** Opening Source information block **

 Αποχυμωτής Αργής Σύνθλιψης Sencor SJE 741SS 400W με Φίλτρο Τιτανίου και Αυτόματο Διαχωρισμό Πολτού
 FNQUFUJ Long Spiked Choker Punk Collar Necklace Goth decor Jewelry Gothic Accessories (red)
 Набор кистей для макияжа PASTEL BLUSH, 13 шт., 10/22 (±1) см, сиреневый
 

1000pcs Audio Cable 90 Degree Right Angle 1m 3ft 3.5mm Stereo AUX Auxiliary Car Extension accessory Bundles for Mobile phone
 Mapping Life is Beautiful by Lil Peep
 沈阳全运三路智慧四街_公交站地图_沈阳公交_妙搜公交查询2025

** Closing Source information block **
** Opening Source information block **

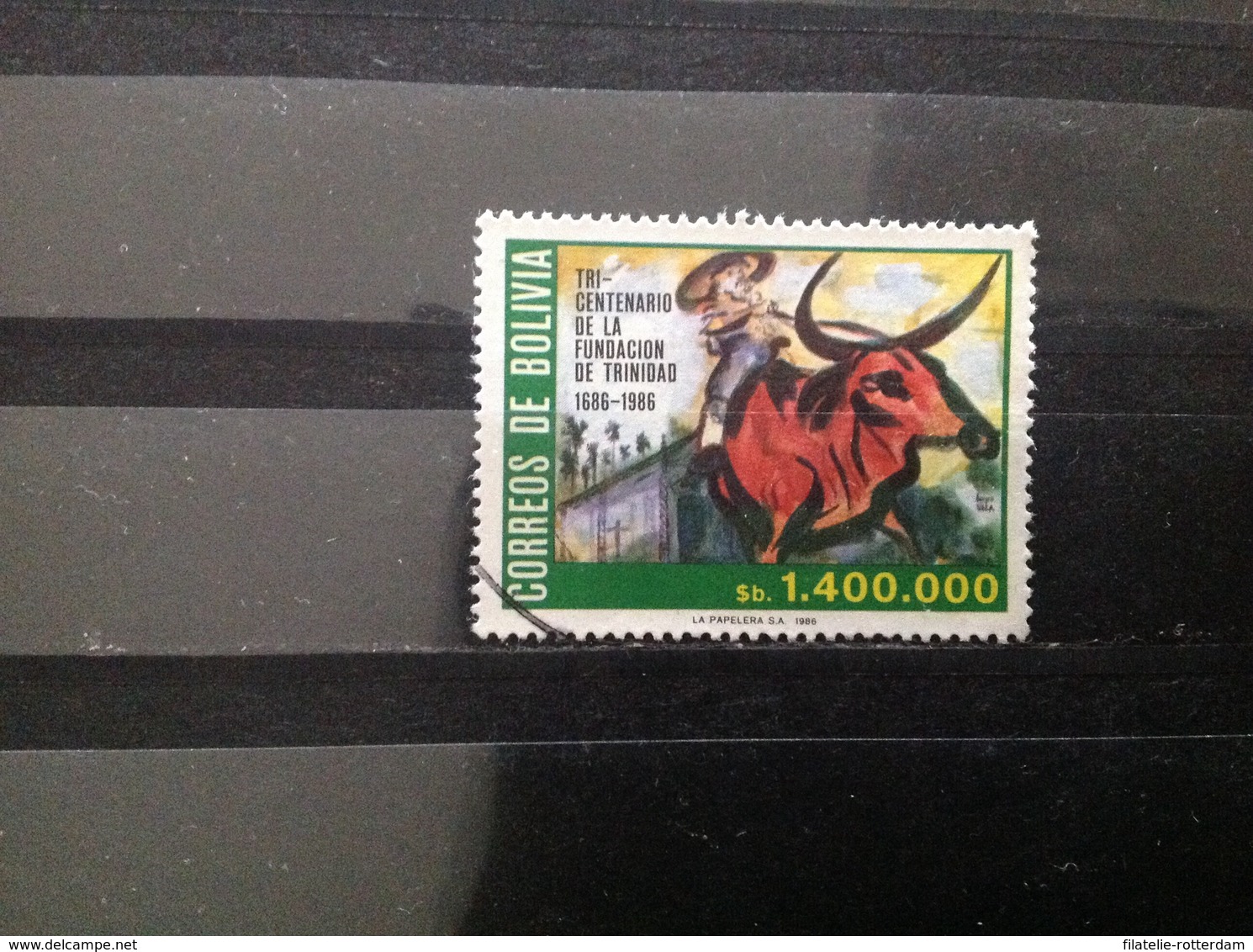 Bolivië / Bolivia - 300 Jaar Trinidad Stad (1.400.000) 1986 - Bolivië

** Closing Source information block **
** Opening Source information block **

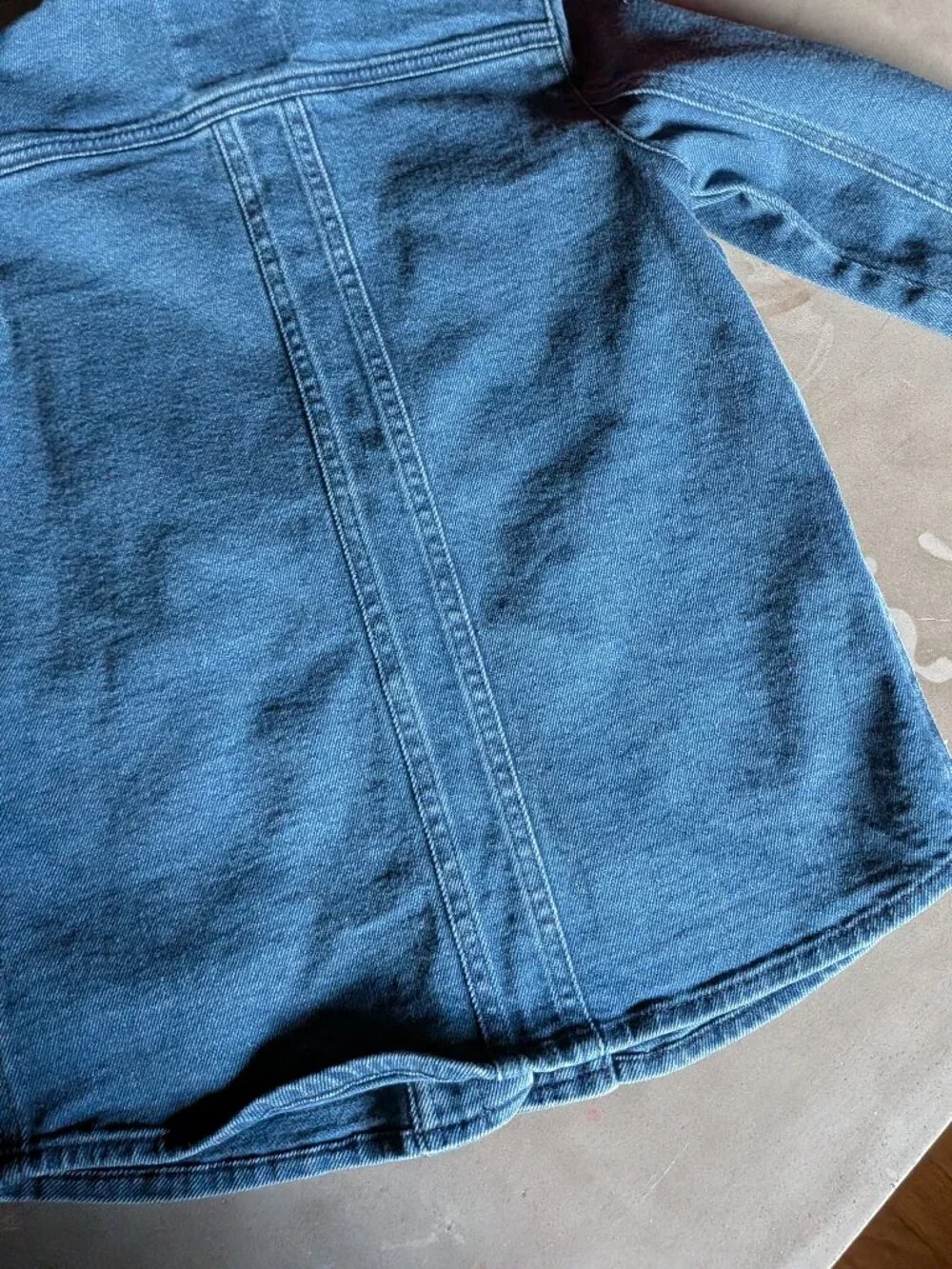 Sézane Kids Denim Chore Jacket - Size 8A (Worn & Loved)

** Closing Source information block **

Exercise requirements:
Take the lines above from the one containing "Αποχυμωτής Αργής Σύνθλιψης" down to the one containing "Набор кистей для", and transcribe them exactly, both ends included.

Final answer:
 Αποχυμωτής Αργής Σύνθλιψης Sencor SJE 741SS 400W με Φίλτρο Τιτανίου και Αυτόματο Διαχωρισμό Πολτού
 FNQUFUJ Long Spiked Choker Punk Collar Necklace Goth decor Jewelry Gothic Accessories (red)
 Набор кистей для макияжа PASTEL BLUSH, 13 шт., 10/22 (±1) см, сиреневый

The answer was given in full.